Supplied data: Begin
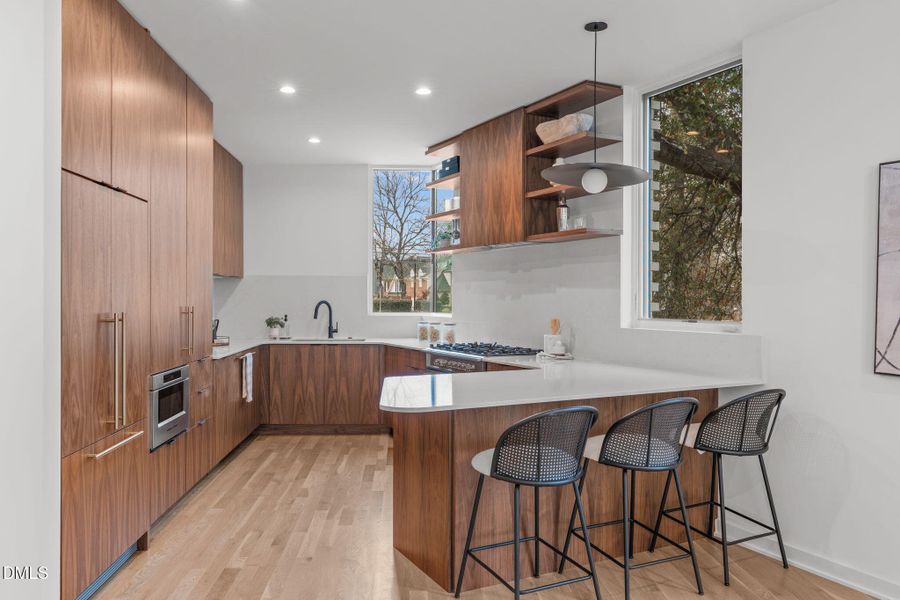Kitchen with Eat-in Bar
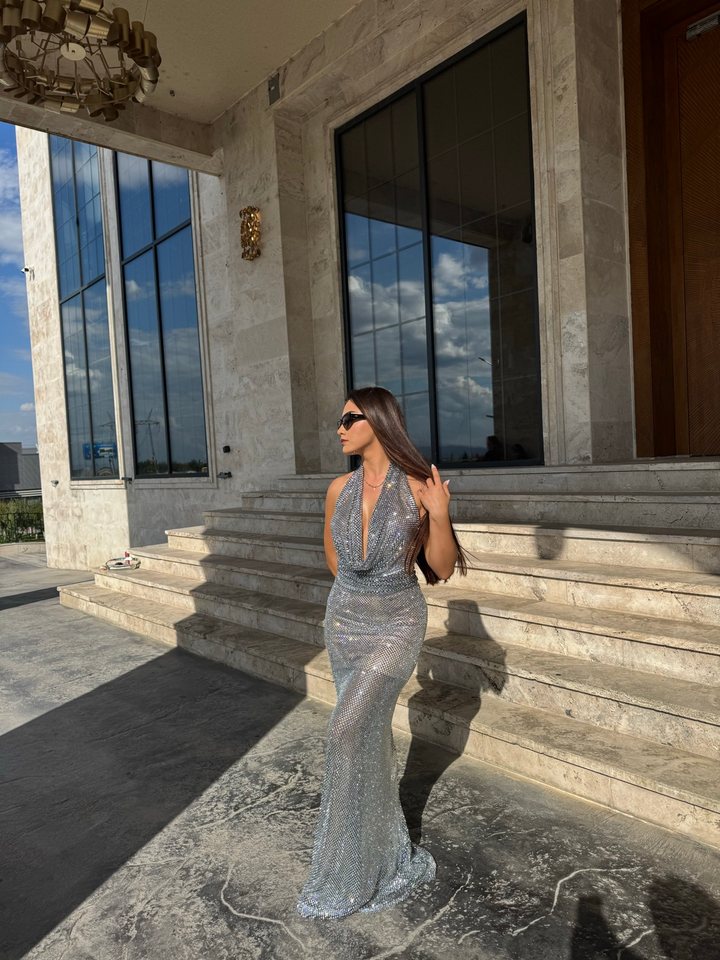 Fustan metalik mbrëmjeje – Fustan mbrëmjeje me qira në Prishtinë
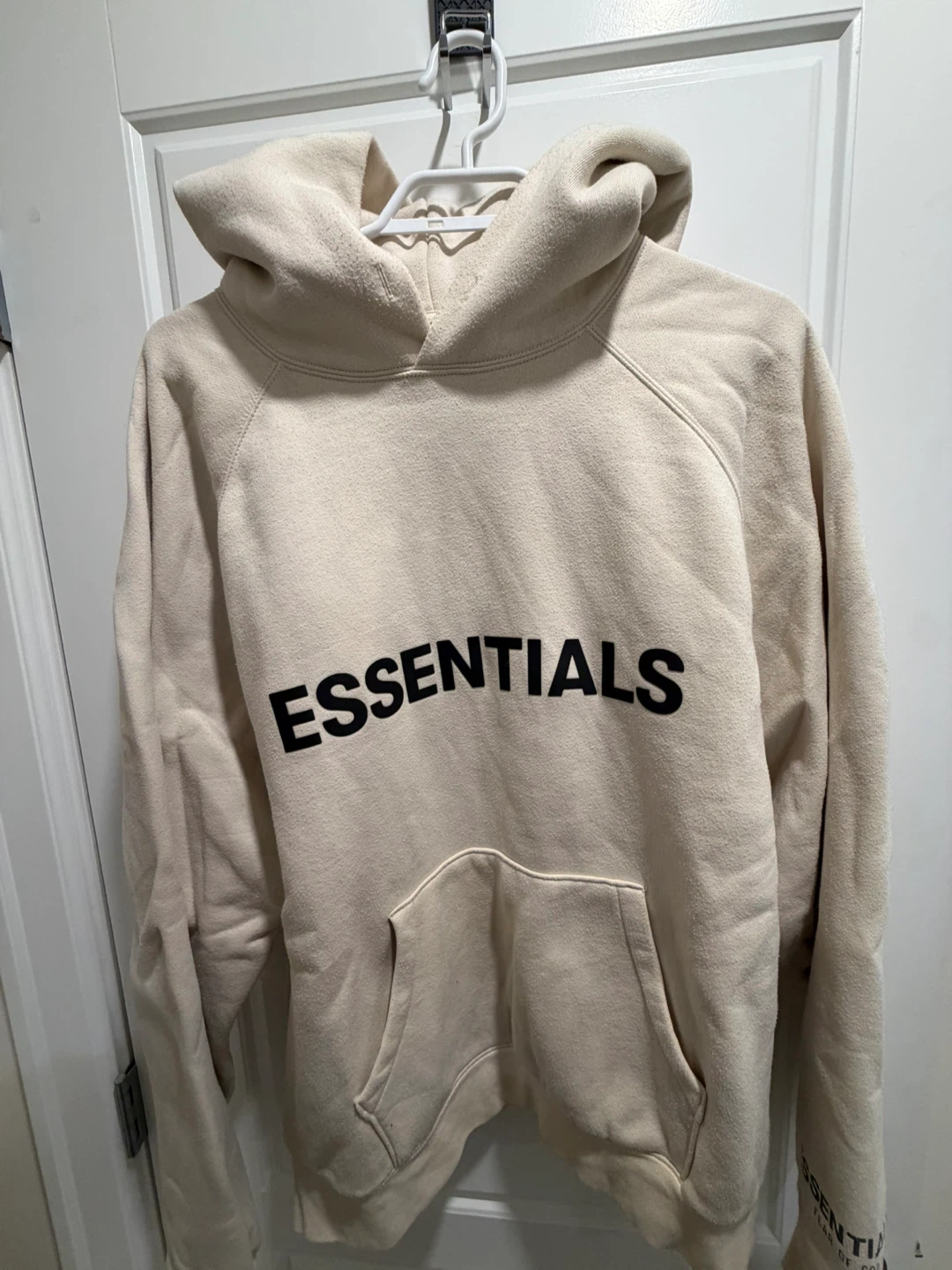 Essentials Hoodie Cream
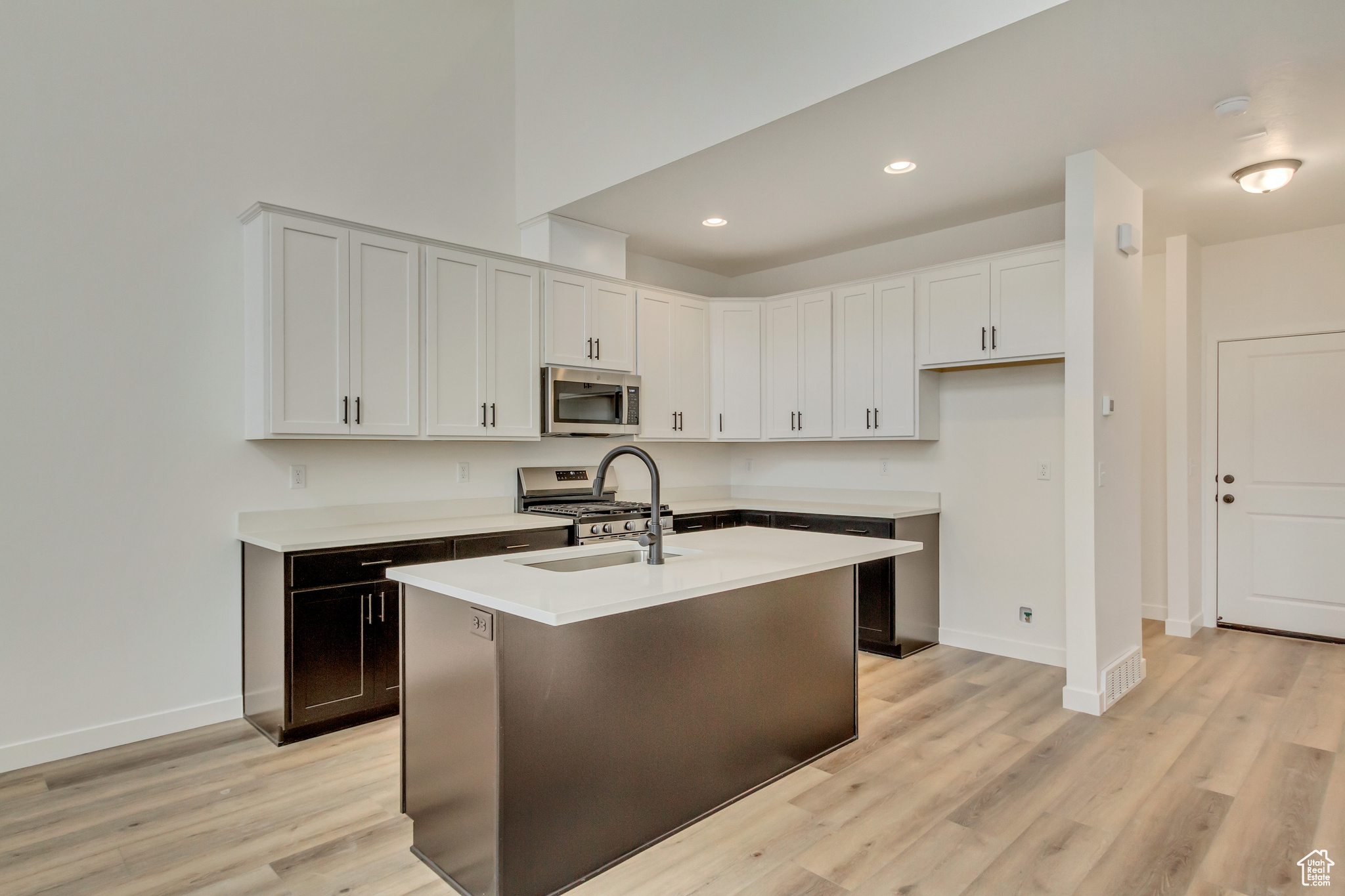 6869 S Static Peak Dr #282, West Jordan, Utah image 4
Supplied data: End
**Directions for this task**
With pictures left out, print the lines of the material above from the line containing "Fustan metalik mbrëmjeje" through its last line, exactly and nothing more.

**Exercise output**
 Fustan metalik mbrëmjeje – Fustan mbrëmjeje me qira në Prishtinë
 Essentials Hoodie Cream
 6869 S Static Peak Dr #282, West Jordan, Utah image 4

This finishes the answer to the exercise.